Im Durchschnitt aller Messstellen fanden die Studienautoren in zehn Metern Tiefe 18,1 Milligramm Nanoplastik pro Kubikmeter Wasser, in Küstennähe waren es 25 Milligramm. In der Nähe des Meeresbodens lag der Durchschnitt bei 5,5 Milligramm pro Kubikmeter. In der oberen Schicht gab es zwischen den Messstandorten innerhalb und außerhalb des Nordatlantikwirbels kaum einen Unterschied. In 1000 Metern Tiefe zeigte sich innerhalb des Wirbels eine Konzentration, die mit 13,5 Milligramm fast doppelt so hoch war wie außerhalb des Wirbels (7,5 Milligramm). Der Wirbel ist aufgrund der Meeresströmungen als Anreicherungszone für Mikroplastik an der Oberfläche bekannt.
Große Wissenslücke
In einem Kommentar, ebenfalls in „Nature“, schreibt Katsiaryna Pabortsava vom National Oceanography Centre im britischen Southampton: „Obwohl Wissenschaftler große Fortschritte beim Verständnis des Ausmaßes der Meeresverschmutzung durch Mikroplastik erzielt haben, ist über die Nanoplastik-Abfälle fast nichts bekannt.“ Sie hält die Schätzungen von Materić und Kollegen für eher zu niedrig als zu hoch, weil sich Nanoplastik auch an größeren Partikeln, wie Ansammlungen von organischem Material, oder im Körper von Meeresorganismen befinden könnte.

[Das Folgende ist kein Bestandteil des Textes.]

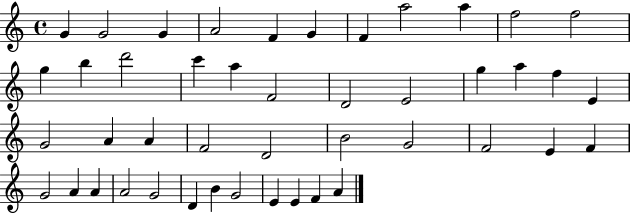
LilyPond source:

{
  \clef treble
  \time 4/4
  \defaultTimeSignature
  \key c \major
  g'4 g'2 g'4 | a'2 f'4 g'4 | f'4 a''2 a''4 | f''2 f''2 | \break g''4 b''4 d'''2 | c'''4 a''4 f'2 | d'2 e'2 | g''4 a''4 f''4 e'4 | \break g'2 a'4 a'4 | f'2 d'2 | b'2 g'2 | f'2 e'4 f'4 | \break g'2 a'4 a'4 | a'2 g'2 | d'4 b'4 g'2 | e'4 e'4 f'4 a'4 | \break \bar "|."
}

Die Meeresökologin Melanie Bergmann vom Alfred-Wegener-Institut in Bremerhaven macht auf die Folgen des Plastikmülls für Meereslebewesen aufmerksam: „Zu den bislang beschriebenen Auswirkungen auf verschiedene im Wasser lebende Tiere gehören unter anderem ein gehemmtes Wachstum, Änderungen bei der Fortpflanzung, physiologische Stressreaktionen und Störungen des Immunsystems“, sagte sie dem Science Media Center (SMC). Studien zeigten zudem, dass Plastik im Meer zu einer niedrigeren Fotosyntheserate bei Algen führen kann, wodurch sie weniger Kohlendioxid aus der Luft aufnehmen und so die Erderwärmung verschlimmern.